You know, I often find myself wondering how cheap my car insurance would be if I weren't paying for all those commercials that are polluting the mental environment.
jhNY
Mercy.
01:46 PM on 12/24/2010
By my own estimate, your insurance would go down by as much as a buck- buck two eighty, unless the insurance guys needed more of your money.

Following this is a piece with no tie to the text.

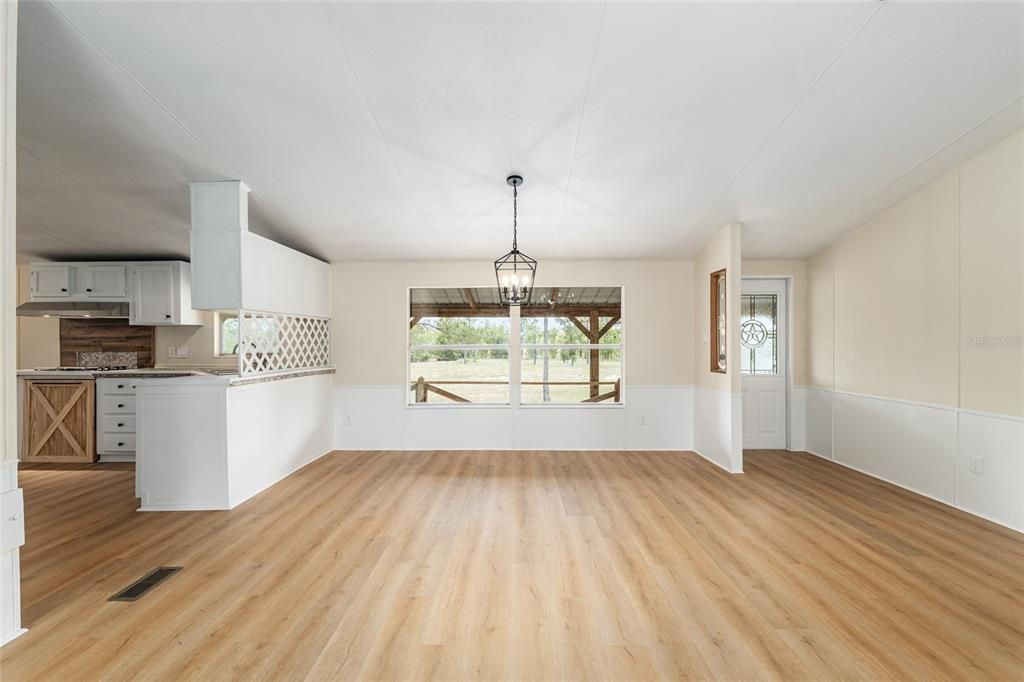 Active With Contract: $365,000 (3 beds, 2 baths, 1620 Square Feet)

Insurance is the only business in the US besides baseball with an anti-trust exemption. Nobody really knows what the costs or profits of these businesses are, I mean apart from what the industry volunteers to inform us regarding same. But look at every middling size city in the country, and there'll most often you'll find that the largest building therein is an insurance company HQ...
GHarry
Kitty wrangler
02:36 PM on 12/24/2010
Car insurance should be handled as a state government function, with services offered in county tag offices. Premiums for drivers could be slashed at least in half. Of course, such an idea is considered That Which Must Not Be Spoken in Washington, D.C., because it would interfere with the huge amount of . . . er, "campaign contributions" that now flow into Congress and to state legislatures. Ah, corruption -- the real American apple pie.
04:04 PM on 12/24/2010
If we could move to publicly financed elections the number of chronic problems that would eventually be solved would be mind boggling. But this is America and "Ignorance is Bliss".